Kyrillos bestätigte derweil am Mittwoch in Berlin, dass die Christen im Land verunsichert sind. Die Angst vor einem islamischen Gottesstaat hält Christine Schirrmacher jedoch für überzogen: "Die Muslimbrüder sind sich ja auch untereinander nicht einig, wie die Rolle des Islam genau definiert und im Einzelnen umgesetzt werden soll – auch die sind sich nicht in allen Punkten einig."
Kein Gottesstaat
Kyrillos und Schirrmacher sind sich jedoch in einem Punkt einig: "Die Muslimbrüder sind sicher keine Taliban – ein Gottesstaat nach iranischem Vorbild wird mit den Ägyptern nicht zu machen sein", prognostiziert Schirrmacher, "ein Staat, nach dem Modell der CSU, in dem der christliche – oder in diesem Fall der muslimische – Mensch als Leitbild politischen Handelns gilt, ist bei der derzeitigen Machtkonstellation ebenfalls nicht vermittelbar. Aber die Bandbreite zwischen diesen beiden Polen ist riesig." Den Muslimbrüdern sei nicht daran gelegen, vermeintlichen Ungläubigen die Hände abzuhacken, so Schirrmacher, "das wollen allenfalls die Salafisten." Und Kyrillos ergänzt: "Wenn die neue Regierung der Muslimbrüder alles tut, um die Lebenssituation im Land zu verbessern, wird der Radikalismus keinen Nährboden finden."

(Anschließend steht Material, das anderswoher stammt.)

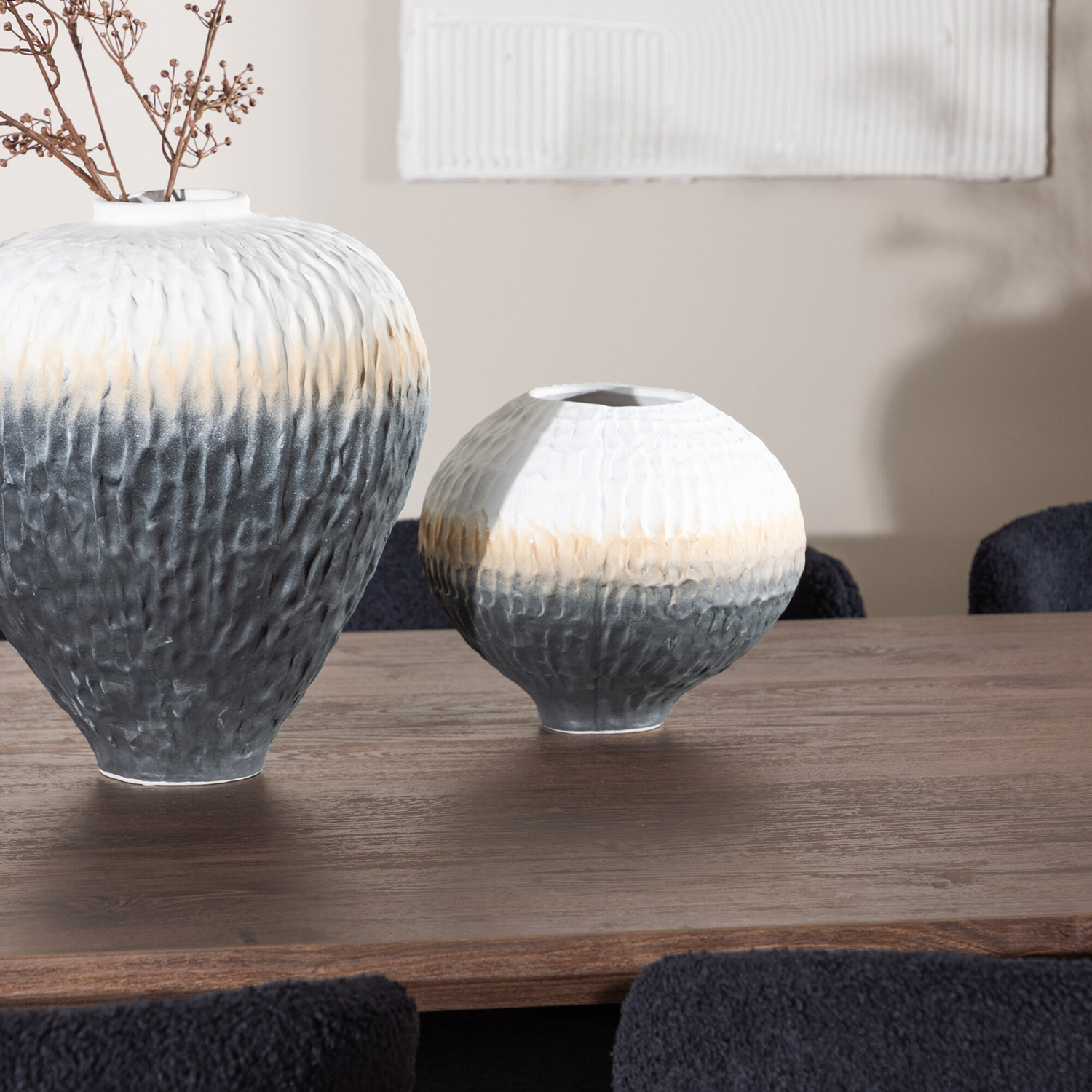 Matgrupp Venture Home Olivia 210 med 6 st Modesto Stolar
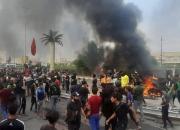 مردم ناصریه خواستار مشخص شدن عوامل آتش سوزی شدند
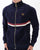 Sergio Tacchini Dallas Velour Track Top Navy Blue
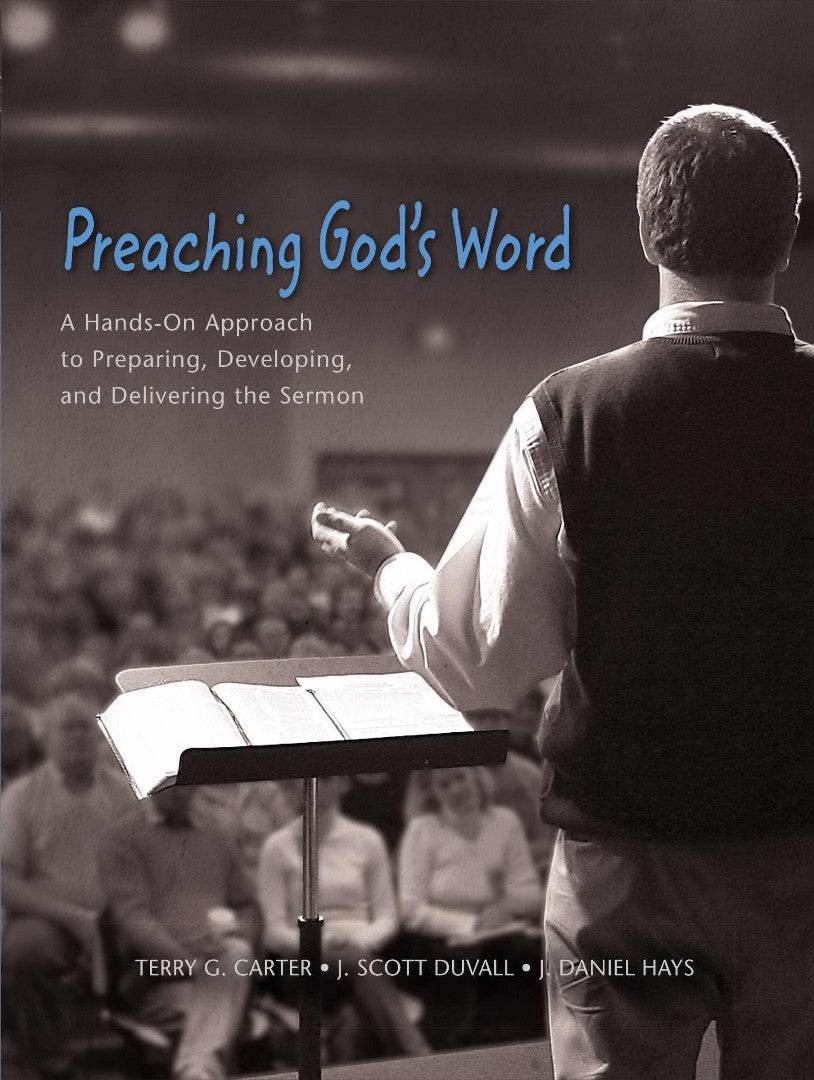 Preaching God'S Word - Re-vived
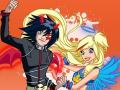 Angel sacara Friends Games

„Ein Gottesstaat nach iranischem Vorbild wird mit den Ägyptern nicht zu machen sein“
Das zweite Problem ist betrifft die Kirchen viel direkter: Oehring bemängelt, dass schon die Übergangsregierung des Militärrats darin versagt habe, die Christen als Bürger des Landes zu schützen – viele hätten Ägypten daraufhin verlassen. Die Zahl der Auswanderer wird auf 100.000 geschätzt. Oehring spekuliert in seinem Text, ob sich das Militär vorsätzlich aus den Konflikten zwischen Christen und Muslimen herausgehalten hat, um die Stimmung zu seinen Gunsten zu beeinflussen – frei nach dem Motto: "Seht her, ohne unseren Schutz geht es nicht." Der Bamberger Erzbischof Schick zeigte sich ebenfalls besorgt: "Es scheint, als gehörten die Christen bislang nicht zu den Profiteuren der neuen Freiheit", so der Vorsitzende der bischöflichen Kommission Weltkirche, "noch in den vergangenen Tagen wurde uns am Entschluss der christlichen Kirchen, sich nicht weiter an der Verfassungsversammlung zu beteiligen, deutlich vor Augen geführt, wie groß die Unsicherheit der Christen in Ägypten geworden ist."
Der zweite Teil dieses Problems ist kirchenintern: Immer mehr Christen verlassen das Hinterland und ziehen nach Kairo und andere Städte des Nildeltas. Die Kirche müsse daher ihre Infrastruktur erweitern – also neue Kirchen, Versammlungsstätten und Krankenhäuser bauen. Das ist kostspielig und aufwendig. Oehring plädiert daher dafür, dass sich die Kirchen untereinander verständigen und insbesondere den Dialog mit den koptisch-orthodoxen Christen suchen.